Yes indeed. It's black and white and if I remember rightly shot on video rather than filmed, but it's an excellent look at the recording of Götterdämmerung.


----------



## Don Fatale (Aug 31, 2009)

Currently watching it on YouTube.

The John Culshaw book Ring Resounding is essential reading. A fascinating look at the technical aspects as well as the world of opera at the time.


----------



## DavidA (Dec 14, 2012)

Watched it as a lad about 50 years ago. Interesting and has some renowned singers of the time doing Wagnerian party pieces - Frick summoning a bunch of cut throats (the Vassals) with steer horns, Windgassen dying and Nilsson self-immolating. And Solti tub thumping as conductor. Entertaining!


----------



## Don Fatale (Aug 31, 2009)

Whatever the third-person conjugation of _Vissi d'arte_ is, it seems to apply here with the likes of Nilsson, Fischer-Dieskau, Solti and of course John Culshaw.

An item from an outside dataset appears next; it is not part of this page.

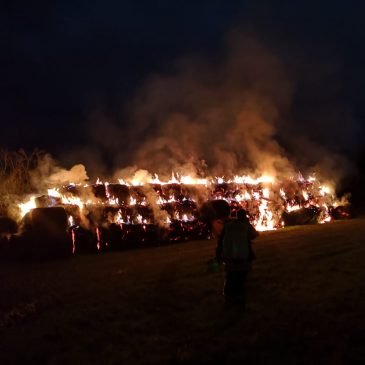 Strohballenbrand Enzheim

I'd like to think the same ethos exists today.


----------



## Itullian (Aug 27, 2011)

It's recording history of the "greatest recording of all time".
It's an amazing document.


----------



## Pugg (Aug 8, 2014)

Itullian said:


> It's recording history of the "greatest recording of all time".
> It's an amazing document.


Amen to this :tiphat:


----------



## DavidA (Dec 14, 2012)

Itullian said:


> It's recording history of the "greatest recording of all time".
> It's an amazing document.


Culshaw had us believe that in Ring Resounding!


----------



## The Conte (May 31, 2015)

Alexander said:


> Whatever the third-person conjugation of _Vissi d'arte_ is, it seems to apply here with the likes of Nilsson, Fischer-Dieskau, Solti and of course John Culshaw. I'd like to think the same ethos exists today.


Assuming it's third person plural, then it's 'Vissero d'arte'.

N.


----------